The short answer
For most adults with major depression, an SSRI reaches its full antidepressant effect at 4 to 6 weeks on a therapeutic dose. That's the well-established research finding, replicated across hundreds of clinical trials.
"Full effect at 4–6 weeks" doesn't mean nothing happens for four weeks. Most patients notice something within the first two weeks — usually sleep, anxiety, or appetite improvement before the mood shift itself becomes clear. The deeper improvement consolidates over weeks four through six. If you're six weeks in on a therapeutic dose and feel nothing, it's time to talk to your prescriber about a change.
A realistic week-by-week timeline
Week 1
Usually the hardest week. Side effects tend to peak in days 3–7 — nausea, mild GI upset, headaches, slightly altered sleep, sometimes increased anxiety.
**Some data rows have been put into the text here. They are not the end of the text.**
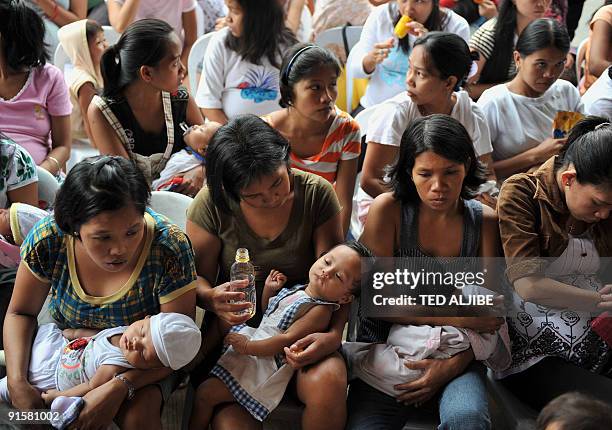 Philippines-flood-baby,FOCUS by Jason Gutierrez Pregnant women affected by floods brought about by Typhoon Ketsana hold their children as they wait...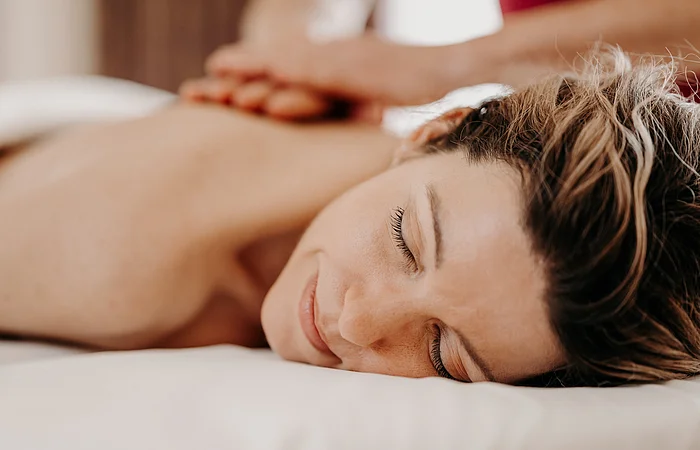 Eine Frau liegt auf dem Rücken auf einer Massageliege. Ihr Rücken wird von Händen massiert.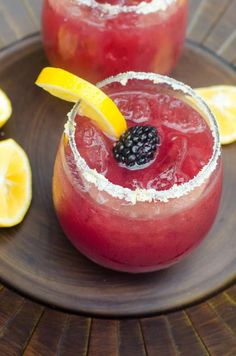 two glasses filled with fruit and garnish sit on a plate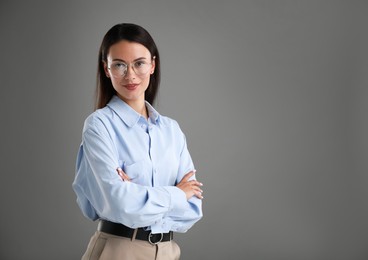 Photo of Portrait of confident businesswoman on grey background. Space for text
There's typically no antidepressant benefit yet. The goal of week 1 is to take the medication consistently and ride out the initial side effects.
Week 2
Side effects usually start to fade by mid-week. Some patients begin to notice early benefits: anxiety feels slightly more manageable, sleep is a bit more reliable. Mood itself usually hasn't shifted noticeably yet.
Weeks 3–4
This is when the most noticeable shift typically happens. Mood starts to feel measurably better. Things that seemed pointless start to seem slightly more worth doing. PHQ-9 scores at week 4 are usually meaningfully lower than at baseline if the medication is working.
Weeks 4–6
Consolidation. The improvements from weeks 2–4 deepen and become more reliable. By week 6 on an adequate dose, you should have a reasonably clear answer to whether this medication is helping you. Around 60% of patients respond well to their first SSRI; 40% need a dose increase, a switch, or augmentation.
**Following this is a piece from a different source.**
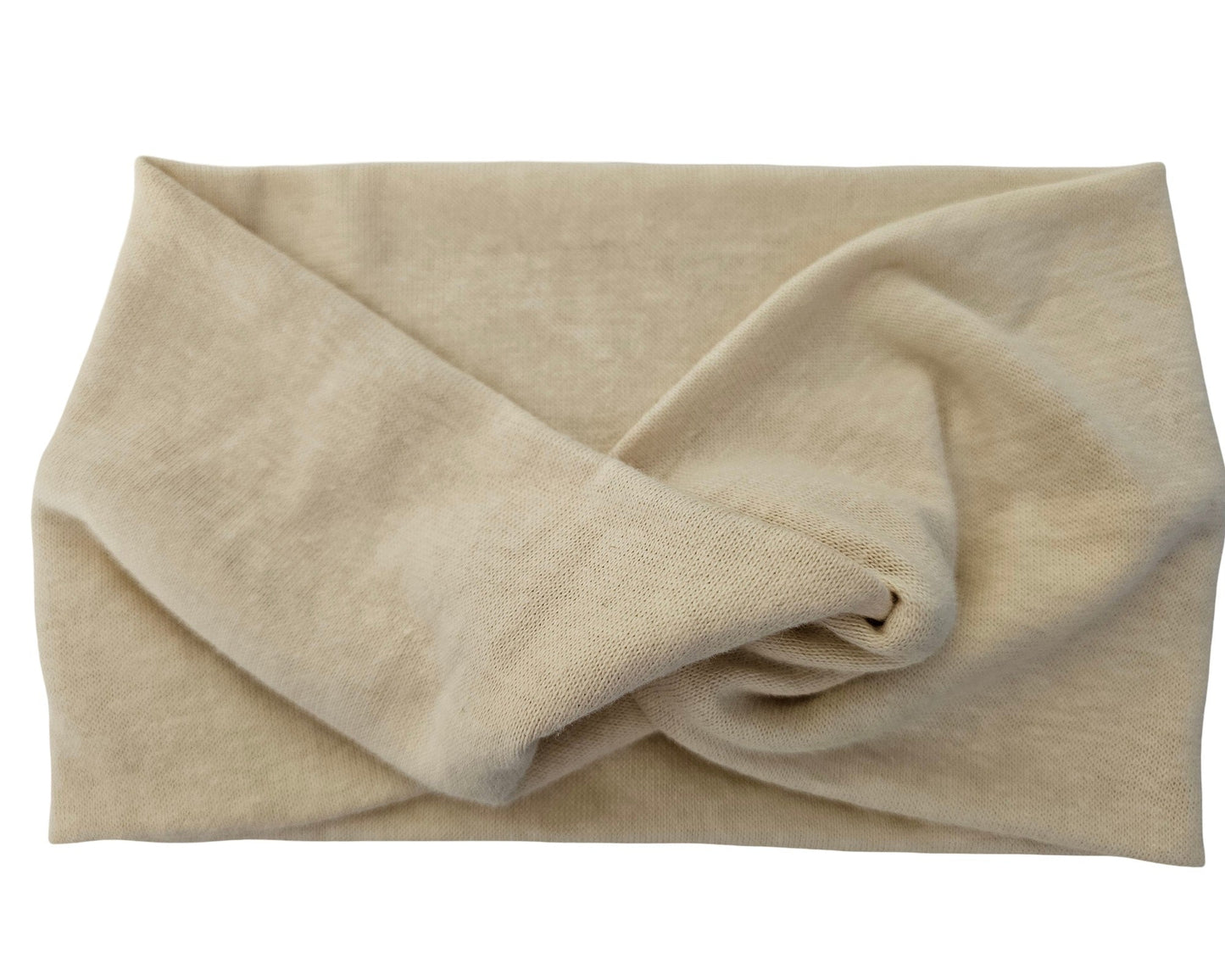 Beige towel folded neatly on a white background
What "working" actually looks like
SSRIs don't make you feel happy. They don't blunt your emotions (with rare exceptions). They don't replace therapy or solve life problems. What they do, when they work, is restore a baseline that depression has compressed:
- Things you used to enjoy feel slightly more accessible
- Sleep, appetite, and energy stabilize
- Negative thoughts get quieter — not absent
- Anxiety, often, decreases alongside
What working doesn't look like: euphoria, dramatic personality changes, or immediate symptom disappearance.
Early side effects, and which are normal
- GI upset — nausea, loose stools. Usually peaks days 3–5, resolves by week 2. Taking with food helps.
- Headache — mild, often peaks days 2–4.
- Sleep changes — initially harder to sleep, or vivid dreams. Often improves by week 2.
- Initial anxiety increase — some patients feel briefly more anxious in the first week.
- Sexual side effects — these can appear at any point and often persist. Worth discussing openly; there are mitigations.
When to call your prescriber
- New or worsening suicidal thoughts — especially in younger adults during the first 4 weeks
- Severe agitation, restlessness, or akathisia
- Rash, especially on the trunk
- Any genuinely intolerable side effect
- Symptoms suggesting a manic switch — sustained sleeplessness with euphoric energy, racing thoughts, impulsive decisions
If you're in crisis at any point, call or text 988, call 911, or go to your nearest emergency room.
If it isn't working at week 4 or 6
About 40% of patients don't respond adequately to their first SSRI at the initial dose. That's a known clinical reality, not a personal failure. Standard next steps include a dose increase (many patients respond at a higher dose), a switch to a different SSRI or SNRI, augmentation with a second medication, or — for treatment-resistant cases — broader options like TMS, esketamine, or specialty referrals.
Frequently asked questions
What's the soonest I might notice an SSRI working?
Sleep and anxiety improvements sometimes show up in week 1. The clearer mood effect typically becomes noticeable around weeks 3–4.
Can I drink alcohol on an SSRI?
Moderate alcohol use is not absolutely contraindicated on most SSRIs, but the combination tends to amplify both sedation and depression. Best to discuss with your prescriber, especially during the first few weeks.
How long do I need to stay on it?
For a first episode of major depression, current guidelines recommend continuing the medication for 6–12 months after symptoms resolve, then a gradual taper. For recurrent depression, longer-term treatment is often appropriate.
Can I take an SSRI with therapy?
Yes — the combination is often more effective than either alone for moderate-to-severe depression.
What if I want to stop taking it?
Plan it with your prescriber. SSRIs are tapered, not stopped abruptly, to avoid discontinuation symptoms. Taper is usually over 2–4 weeks for most SSRIs, longer for paroxetine and venlafaxine.